Этот последний порыв любви, одолевшей страх, растрогал меня до чрезвычайности. Кто же был этот человек, который через шесть десятков лет после смерти продолжал внушать такой сильный ужас, оставаться предметом столь великой преданности и столь нежных сожалений? Фульгенций заснул и проснулся около полудня.

– Надежды нет, – сказал он, – с каждой минутой я все яснее чувствую, что жизнь оставляет меня. Возлюбленный брат мой, я хотел бы собороваться. Созови скорее братьев и скажи, что мне надобно причаститься святых тайн. Увы! – добавил он озабоченно. – Значит, я умру, так и не узнав, простила ли меня его душа! Я спал глубоким сном и не слышал его голоса. Сомнений быть не может, свою книгу он любил больше, чем меня! Я знал это и раньше! Я говорил ему, когда он еще жил среди нас: «Учитель, все ваши привязанности – от ума; сердцу вашему мы безразличны. Люди сильные не чета людям слабым. Сильные снисходят до того, чтобы просить нашей помощи, когда их дух доволен нами; мы – другое дело; одобряем мы спекуляции их ума или нет, сердце наше все равно хранит им верность».

– Не говорите так, отец Фульгенций, – воскликнул я и, охваченный невольным порывом, сжал его в своих объятиях; впрочем, я и не подумал принять на свой счет упрек, ко мне не относившийся. – Иначе вы в первый и единственный раз в своей жизни впадете в ересь. Люди, наделенные настоящей силой, способны на страстную любовь, и вы любили так сильно именно потому, что принадлежите к их числу. Не теряйте мужества в свой последний час. Если вы даже преступили законы Церкви ради того, чтобы сохранить верность дружбе, Господь простит вас, ибо для Него любовь выше ума.

– Ах! ты говоришь точно так же, как говорил наш учитель, – воскликнул Фульгенций. – За последние шестьдесят лет я впервые слышу слова, которые мне по душе. Благословляю тебя, сын мой. Повторю тебе благословение Спиридиона: «Да подарит тебе Всемогущий в старости друга верного и нежного, каким был ты для меня!»

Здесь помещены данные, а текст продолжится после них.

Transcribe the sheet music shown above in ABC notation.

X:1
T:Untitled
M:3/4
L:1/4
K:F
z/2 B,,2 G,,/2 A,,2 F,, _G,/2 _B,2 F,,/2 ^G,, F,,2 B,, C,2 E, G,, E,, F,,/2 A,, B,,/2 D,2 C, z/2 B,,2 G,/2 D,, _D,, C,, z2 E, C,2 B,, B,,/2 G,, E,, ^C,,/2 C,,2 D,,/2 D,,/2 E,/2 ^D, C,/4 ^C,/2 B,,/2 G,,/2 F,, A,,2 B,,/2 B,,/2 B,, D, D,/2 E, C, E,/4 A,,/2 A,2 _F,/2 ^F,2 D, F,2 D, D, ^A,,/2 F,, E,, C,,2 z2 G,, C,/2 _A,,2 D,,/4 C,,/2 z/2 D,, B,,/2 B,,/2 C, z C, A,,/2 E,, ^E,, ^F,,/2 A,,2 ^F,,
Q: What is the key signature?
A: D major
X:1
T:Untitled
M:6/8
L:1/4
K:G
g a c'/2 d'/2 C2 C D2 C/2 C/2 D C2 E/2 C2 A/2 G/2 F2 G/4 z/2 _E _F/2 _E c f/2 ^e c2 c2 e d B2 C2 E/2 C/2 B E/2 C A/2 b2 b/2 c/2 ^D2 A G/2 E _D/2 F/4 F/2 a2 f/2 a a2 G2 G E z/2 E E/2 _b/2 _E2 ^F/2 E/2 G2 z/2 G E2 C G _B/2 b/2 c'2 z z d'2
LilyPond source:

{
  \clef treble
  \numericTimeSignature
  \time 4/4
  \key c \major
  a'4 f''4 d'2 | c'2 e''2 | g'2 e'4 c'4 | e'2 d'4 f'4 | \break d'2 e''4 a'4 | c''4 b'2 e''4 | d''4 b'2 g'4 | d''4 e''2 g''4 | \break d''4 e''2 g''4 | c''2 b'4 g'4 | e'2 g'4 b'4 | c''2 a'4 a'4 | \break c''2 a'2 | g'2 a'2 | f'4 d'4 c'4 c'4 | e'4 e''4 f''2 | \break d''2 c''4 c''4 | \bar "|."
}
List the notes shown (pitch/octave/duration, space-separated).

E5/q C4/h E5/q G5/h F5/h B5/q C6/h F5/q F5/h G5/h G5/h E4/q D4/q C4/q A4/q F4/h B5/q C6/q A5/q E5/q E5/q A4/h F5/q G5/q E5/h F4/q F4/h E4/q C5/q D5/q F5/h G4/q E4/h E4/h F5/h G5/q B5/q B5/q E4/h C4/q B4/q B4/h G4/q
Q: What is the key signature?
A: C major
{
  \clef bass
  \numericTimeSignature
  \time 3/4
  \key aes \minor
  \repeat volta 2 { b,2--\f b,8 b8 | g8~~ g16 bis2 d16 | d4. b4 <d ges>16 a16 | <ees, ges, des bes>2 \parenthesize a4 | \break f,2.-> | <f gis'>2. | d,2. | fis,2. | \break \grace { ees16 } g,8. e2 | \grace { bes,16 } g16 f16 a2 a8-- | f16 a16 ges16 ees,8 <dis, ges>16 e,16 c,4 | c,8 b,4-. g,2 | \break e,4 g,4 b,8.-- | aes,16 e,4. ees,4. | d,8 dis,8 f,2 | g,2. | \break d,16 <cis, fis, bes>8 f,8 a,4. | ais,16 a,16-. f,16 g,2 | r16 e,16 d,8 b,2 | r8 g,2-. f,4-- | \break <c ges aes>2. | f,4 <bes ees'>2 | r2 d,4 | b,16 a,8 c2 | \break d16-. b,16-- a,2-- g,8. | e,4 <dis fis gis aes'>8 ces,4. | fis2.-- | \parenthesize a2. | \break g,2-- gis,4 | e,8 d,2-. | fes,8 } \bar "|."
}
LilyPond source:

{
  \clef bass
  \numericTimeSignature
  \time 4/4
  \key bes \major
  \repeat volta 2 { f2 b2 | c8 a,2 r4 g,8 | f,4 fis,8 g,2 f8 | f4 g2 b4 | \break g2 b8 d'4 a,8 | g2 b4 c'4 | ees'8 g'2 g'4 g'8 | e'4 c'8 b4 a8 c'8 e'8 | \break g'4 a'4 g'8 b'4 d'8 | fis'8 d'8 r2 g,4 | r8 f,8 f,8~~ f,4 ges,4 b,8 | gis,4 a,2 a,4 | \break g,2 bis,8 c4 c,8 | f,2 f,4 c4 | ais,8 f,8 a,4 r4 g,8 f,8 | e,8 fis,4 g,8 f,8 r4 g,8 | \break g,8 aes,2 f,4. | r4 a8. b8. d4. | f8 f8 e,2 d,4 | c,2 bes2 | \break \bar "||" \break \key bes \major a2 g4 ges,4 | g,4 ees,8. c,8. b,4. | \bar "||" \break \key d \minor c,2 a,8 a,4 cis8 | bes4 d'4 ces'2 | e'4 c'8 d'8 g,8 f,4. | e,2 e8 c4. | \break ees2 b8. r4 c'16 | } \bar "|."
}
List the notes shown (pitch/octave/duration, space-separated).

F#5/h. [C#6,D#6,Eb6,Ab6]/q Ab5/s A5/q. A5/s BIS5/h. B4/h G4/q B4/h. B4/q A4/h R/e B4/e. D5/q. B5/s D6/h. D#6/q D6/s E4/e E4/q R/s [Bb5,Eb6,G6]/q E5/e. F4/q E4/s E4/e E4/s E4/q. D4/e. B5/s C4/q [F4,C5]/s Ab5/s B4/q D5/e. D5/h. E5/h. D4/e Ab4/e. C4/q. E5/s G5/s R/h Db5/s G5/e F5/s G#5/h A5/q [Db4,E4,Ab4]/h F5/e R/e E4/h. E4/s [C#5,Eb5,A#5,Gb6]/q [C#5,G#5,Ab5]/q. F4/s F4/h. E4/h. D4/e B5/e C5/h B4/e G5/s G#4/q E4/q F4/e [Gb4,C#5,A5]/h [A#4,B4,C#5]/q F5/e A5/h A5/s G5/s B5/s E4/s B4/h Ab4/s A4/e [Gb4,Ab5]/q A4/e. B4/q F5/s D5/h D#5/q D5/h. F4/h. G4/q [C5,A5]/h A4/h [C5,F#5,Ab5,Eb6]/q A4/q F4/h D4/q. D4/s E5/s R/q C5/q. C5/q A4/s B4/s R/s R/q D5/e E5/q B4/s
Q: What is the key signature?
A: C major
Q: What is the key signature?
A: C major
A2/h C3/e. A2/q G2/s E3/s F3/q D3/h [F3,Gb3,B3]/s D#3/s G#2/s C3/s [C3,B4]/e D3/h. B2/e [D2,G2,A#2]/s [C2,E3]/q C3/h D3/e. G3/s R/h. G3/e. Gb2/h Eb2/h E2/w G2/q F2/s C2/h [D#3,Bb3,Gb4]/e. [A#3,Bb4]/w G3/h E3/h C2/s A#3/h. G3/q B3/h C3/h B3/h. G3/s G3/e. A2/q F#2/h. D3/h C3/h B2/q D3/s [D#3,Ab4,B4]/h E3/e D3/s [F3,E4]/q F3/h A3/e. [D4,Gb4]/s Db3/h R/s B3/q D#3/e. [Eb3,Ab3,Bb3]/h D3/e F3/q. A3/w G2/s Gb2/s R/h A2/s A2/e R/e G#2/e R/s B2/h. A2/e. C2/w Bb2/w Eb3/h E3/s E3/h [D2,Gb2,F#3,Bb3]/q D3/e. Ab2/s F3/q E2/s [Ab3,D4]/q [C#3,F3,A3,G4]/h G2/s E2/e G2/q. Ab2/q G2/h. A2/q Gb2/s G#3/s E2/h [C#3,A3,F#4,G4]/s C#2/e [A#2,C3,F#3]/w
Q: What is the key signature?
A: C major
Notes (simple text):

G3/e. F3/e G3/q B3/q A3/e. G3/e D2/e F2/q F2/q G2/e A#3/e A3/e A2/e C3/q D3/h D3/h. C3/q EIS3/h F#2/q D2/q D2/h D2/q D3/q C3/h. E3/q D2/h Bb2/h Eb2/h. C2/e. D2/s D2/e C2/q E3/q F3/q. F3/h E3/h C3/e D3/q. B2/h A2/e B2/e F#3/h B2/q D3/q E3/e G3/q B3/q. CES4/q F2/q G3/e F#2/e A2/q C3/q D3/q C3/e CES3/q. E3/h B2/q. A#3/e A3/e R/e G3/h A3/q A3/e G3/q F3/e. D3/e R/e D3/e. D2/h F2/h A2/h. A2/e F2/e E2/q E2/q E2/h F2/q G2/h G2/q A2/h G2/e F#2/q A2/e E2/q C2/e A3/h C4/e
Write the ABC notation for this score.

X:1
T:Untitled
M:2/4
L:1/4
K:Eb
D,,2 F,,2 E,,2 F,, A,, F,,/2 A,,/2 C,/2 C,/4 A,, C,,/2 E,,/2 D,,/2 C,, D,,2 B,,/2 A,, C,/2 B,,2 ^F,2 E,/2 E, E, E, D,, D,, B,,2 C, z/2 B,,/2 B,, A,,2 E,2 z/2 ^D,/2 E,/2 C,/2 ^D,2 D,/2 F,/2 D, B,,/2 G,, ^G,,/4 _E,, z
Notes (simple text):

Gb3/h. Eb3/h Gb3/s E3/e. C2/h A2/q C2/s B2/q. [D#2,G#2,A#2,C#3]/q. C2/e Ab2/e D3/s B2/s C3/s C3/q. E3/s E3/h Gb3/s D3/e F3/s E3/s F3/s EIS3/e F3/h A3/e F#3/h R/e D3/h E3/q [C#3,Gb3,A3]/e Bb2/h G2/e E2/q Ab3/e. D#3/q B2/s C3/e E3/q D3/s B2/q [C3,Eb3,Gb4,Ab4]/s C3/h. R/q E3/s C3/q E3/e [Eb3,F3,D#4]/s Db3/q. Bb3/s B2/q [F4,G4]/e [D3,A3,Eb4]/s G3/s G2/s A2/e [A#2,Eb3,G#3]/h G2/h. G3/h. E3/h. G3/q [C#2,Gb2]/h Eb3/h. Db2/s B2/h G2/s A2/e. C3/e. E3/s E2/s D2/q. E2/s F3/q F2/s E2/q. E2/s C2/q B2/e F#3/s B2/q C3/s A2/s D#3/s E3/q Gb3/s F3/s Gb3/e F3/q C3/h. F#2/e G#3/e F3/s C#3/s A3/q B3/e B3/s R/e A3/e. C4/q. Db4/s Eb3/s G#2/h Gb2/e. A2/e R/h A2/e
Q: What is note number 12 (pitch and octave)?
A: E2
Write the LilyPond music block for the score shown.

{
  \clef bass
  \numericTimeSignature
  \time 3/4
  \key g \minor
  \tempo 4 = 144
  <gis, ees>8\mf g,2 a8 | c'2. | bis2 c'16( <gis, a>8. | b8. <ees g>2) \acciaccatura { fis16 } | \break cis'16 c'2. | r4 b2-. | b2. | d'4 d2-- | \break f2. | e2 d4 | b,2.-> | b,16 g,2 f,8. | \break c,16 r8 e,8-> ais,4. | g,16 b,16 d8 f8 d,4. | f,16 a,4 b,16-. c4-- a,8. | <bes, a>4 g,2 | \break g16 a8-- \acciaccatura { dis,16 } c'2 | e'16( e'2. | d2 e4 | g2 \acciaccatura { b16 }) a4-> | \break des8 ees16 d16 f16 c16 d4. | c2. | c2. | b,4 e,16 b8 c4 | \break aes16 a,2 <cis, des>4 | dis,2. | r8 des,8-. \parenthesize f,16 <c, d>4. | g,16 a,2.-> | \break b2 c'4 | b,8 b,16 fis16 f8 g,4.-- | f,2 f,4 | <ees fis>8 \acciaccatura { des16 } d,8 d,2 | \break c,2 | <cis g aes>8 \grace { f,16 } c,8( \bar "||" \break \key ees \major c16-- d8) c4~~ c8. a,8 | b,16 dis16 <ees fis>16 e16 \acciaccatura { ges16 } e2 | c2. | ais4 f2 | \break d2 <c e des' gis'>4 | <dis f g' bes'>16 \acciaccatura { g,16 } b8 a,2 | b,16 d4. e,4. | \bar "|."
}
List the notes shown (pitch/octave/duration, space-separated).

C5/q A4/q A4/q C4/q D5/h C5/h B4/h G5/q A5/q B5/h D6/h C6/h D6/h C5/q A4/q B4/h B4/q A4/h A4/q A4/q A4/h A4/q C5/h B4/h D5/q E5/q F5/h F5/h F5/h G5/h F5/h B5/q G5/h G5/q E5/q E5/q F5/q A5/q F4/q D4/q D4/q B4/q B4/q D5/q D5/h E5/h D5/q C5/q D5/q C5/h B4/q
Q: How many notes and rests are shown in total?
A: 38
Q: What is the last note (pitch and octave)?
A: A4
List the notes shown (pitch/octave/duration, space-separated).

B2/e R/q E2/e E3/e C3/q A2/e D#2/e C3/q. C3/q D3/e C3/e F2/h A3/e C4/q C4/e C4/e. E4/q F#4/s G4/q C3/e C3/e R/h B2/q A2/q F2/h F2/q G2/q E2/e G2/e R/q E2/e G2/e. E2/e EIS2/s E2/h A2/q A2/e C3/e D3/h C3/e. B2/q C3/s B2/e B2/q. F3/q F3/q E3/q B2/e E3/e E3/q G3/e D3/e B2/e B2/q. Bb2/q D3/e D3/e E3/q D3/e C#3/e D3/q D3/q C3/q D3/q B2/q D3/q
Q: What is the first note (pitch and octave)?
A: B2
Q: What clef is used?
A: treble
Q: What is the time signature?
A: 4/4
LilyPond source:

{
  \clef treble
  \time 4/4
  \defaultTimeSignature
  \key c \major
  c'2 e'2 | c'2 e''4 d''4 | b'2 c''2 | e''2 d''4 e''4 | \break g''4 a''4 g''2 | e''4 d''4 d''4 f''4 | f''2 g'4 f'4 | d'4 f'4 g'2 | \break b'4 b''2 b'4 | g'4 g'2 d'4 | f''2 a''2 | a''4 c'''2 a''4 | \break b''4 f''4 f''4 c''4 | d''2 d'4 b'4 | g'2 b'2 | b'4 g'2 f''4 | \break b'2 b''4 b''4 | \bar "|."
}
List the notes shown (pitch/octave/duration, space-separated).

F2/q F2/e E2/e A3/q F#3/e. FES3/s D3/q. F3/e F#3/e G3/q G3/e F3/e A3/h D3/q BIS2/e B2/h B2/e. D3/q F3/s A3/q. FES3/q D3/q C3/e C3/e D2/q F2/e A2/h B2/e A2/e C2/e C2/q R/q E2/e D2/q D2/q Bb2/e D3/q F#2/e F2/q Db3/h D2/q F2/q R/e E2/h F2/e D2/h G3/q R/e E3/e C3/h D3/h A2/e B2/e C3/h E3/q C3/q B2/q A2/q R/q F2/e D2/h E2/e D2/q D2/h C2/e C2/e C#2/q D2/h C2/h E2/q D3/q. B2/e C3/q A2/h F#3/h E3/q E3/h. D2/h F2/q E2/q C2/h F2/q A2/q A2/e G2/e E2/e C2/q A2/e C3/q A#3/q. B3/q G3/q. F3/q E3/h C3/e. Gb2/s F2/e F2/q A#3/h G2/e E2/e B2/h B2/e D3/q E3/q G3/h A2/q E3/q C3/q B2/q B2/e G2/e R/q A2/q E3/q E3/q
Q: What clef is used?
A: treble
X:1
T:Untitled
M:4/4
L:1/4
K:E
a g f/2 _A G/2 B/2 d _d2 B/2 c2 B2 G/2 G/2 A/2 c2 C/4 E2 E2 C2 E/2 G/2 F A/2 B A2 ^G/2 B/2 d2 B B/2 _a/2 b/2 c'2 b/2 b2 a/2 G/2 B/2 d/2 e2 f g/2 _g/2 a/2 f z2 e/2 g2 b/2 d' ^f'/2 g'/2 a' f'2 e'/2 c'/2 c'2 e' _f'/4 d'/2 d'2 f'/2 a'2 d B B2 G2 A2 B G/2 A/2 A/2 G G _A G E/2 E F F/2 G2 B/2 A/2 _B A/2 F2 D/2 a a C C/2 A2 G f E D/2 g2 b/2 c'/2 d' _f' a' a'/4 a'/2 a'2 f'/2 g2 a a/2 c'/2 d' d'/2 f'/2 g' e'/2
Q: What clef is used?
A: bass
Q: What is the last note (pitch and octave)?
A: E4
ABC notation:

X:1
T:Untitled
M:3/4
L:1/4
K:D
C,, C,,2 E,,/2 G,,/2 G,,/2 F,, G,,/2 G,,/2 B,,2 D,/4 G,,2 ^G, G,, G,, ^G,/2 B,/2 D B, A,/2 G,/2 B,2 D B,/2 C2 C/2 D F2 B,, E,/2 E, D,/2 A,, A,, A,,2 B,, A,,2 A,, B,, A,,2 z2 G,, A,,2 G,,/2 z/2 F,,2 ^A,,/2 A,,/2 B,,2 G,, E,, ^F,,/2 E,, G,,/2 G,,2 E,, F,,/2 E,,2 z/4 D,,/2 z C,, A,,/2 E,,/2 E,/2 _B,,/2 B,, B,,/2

Он соборовался, как самый набожный сын Церкви. У смертного его одра собралась вся братия. Те монахи, для которых не нашлось места в келье, преклонили колени на галерее; они вытянулись в два ряда от кельи отца Фульгенция до главной лестницы. Впереди были монахи, а за их спинами – послушники. Внезапно Фульгенций, который, казалось, впал уже в блаженное беспамятство, оживился и, привлекши меня к себе, прошептал мне на ухо: «Он пришел, он поднимается по лестнице; ступай ему навстречу». Не понимая этого приказания, но повинуясь ему с той покорностью, с какой мы обязаны исполнять волю умирающих, я тихонько вышел из кельи и, стараясь не обеспокоить молящихся монахов, устремил свой взор в сторону лестницы, которая в эту пору плавала в солнечной дымке. Внезапно глазам моим предстал человек, быстро поднимавшийся по ступеням. Походка его была разом и легка, и величава, как у человека деятельного и облеченного властью. По высокому росту и изящному облику, по развевающимся светлым волосам и старинному платью я сразу узнал его. Он был в точности такой, каким мне его не раз описывал Фульгенций. Пройдя сквозь двойной ряд молящихся монахов, которые вполголоса читали молитвы, он остался никем не замеченным, хотя я видел его так же ясно, как солнце на небе, и совершенно отчетливо слышал мерный звук его быстрых шагов.